El tiempo real se ofrecía a Lorenz por la ventana: la bruma matinal envolvía el solar del Massachusetts Institute of Technology (Instituto de Tecnología de Massachusetts), y las nubes bajas, procedentes del Atlántico, rozaban los tejados. Bruma y nubes que nunca se mostraban en el modelo de su ordenador. El aparato, un Royal McBee, espesura de cables y tubos de vacío, ocupaba un desmesurado espacio en la oficina de Lorenz; emitía un ruido singular e irritante, y se estropeaba, más o menos, cada semana. No poseía ni la velocidad ni la memoria precisas para rendir una simulación realista de la atmósfera y los océanos terrestres. Y, a pesar de ello, Lorenz creó, en 1960, un tiempo de juguete que fascinó a sus colegas. La máquina señalaba cada minuto el paso de un día, imprimiendo una hilera de números en un papel. Quien sabía leer las cifras notaba que un viento occidental predominante fluctuaba del norte al sur, y de nuevo al norte. Ciclones digitalizados rotaban despacio en torno de un globo terráqueo idealizado. Corrió la voz de ello por el departamento. Los demás meteorologistas, en compañía de los estudiantes graduados, apostaban sobre lo que haría el tiempo de Lorenz. Como por arte de ensalmo, jamás acontecía una cosa dos veces del mismo modo.

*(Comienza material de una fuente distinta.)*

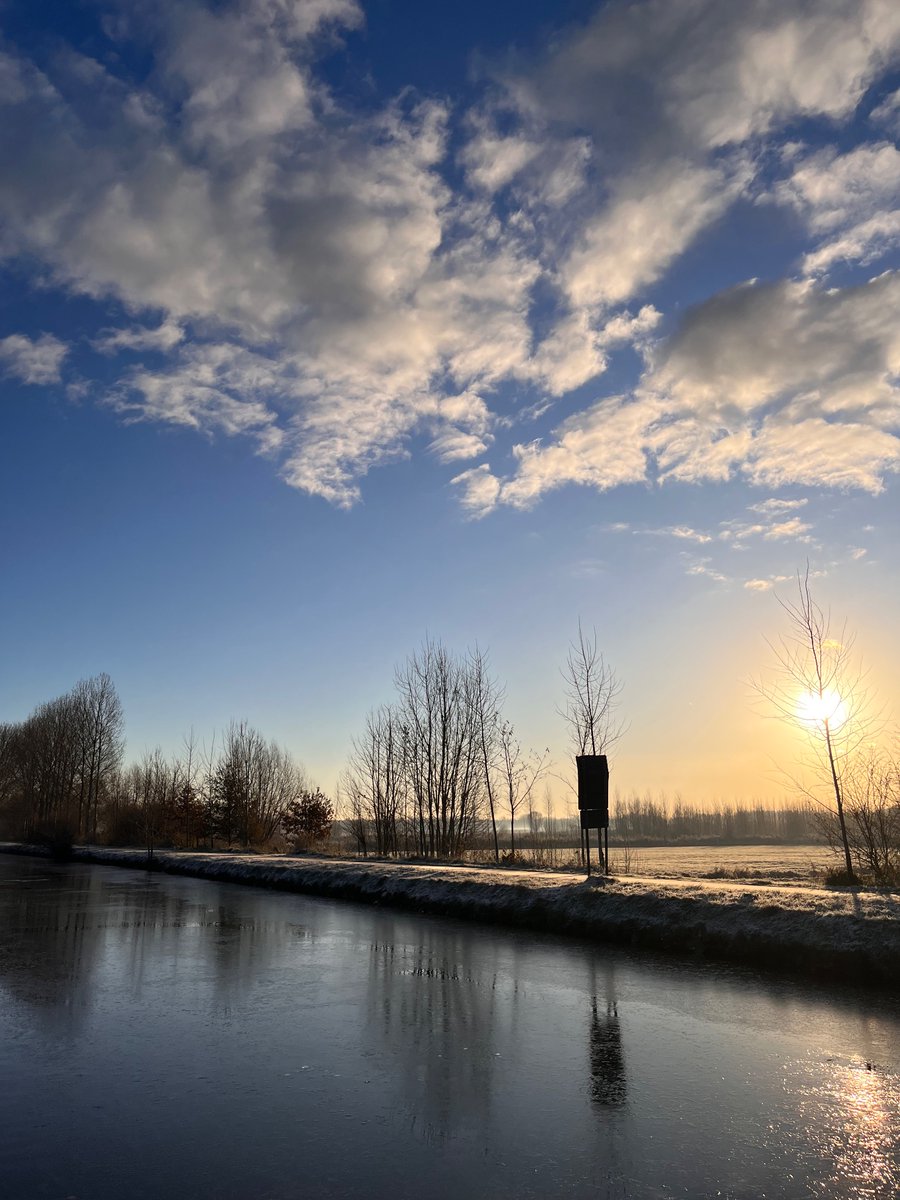amybrgr's tweet photo. Moerbeke-Waas, 09:47 #vrtweer https://t.co/HRnXP4pcyD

Lorenz se divertía con el tiempo, lo cual no es requisito previo en la investigación meteorológica. Paladeaba su mutabilidad. Apreciaba las pautas que apuntaban y desaparecían en la atmósfera: familias de mareas y ciclones, que obedecían siempre a reglas matemáticas, aunque nunca se repitiesen. Mientras las contemplaba, creía ver algo semejante a una estructura en las nubes. Había temido que estudiar la ciencia del tiempo fuese como fisgar en un muñeco de resorte con la ayuda de un destornillador. Y entonces se preguntaba si la ciencia lograría introducirse en su magia. El tiempo atmosférico contenía algo inexpresable con promedios. La temperatura máxima diaria en Cambridge (Massachusetts) promedia en junio los 24 °C. El número de días lluviosos en Riad (Arabia Saudí) es de diez anuales por término medio. Se trataba de estadísticas, y nada más. Lo esencial estribaba en cómo cambiaban las pautas atmosféricas en el transcurso de las horas, es decir, precisamente lo que Lorenz había capturado en su Royal McBee.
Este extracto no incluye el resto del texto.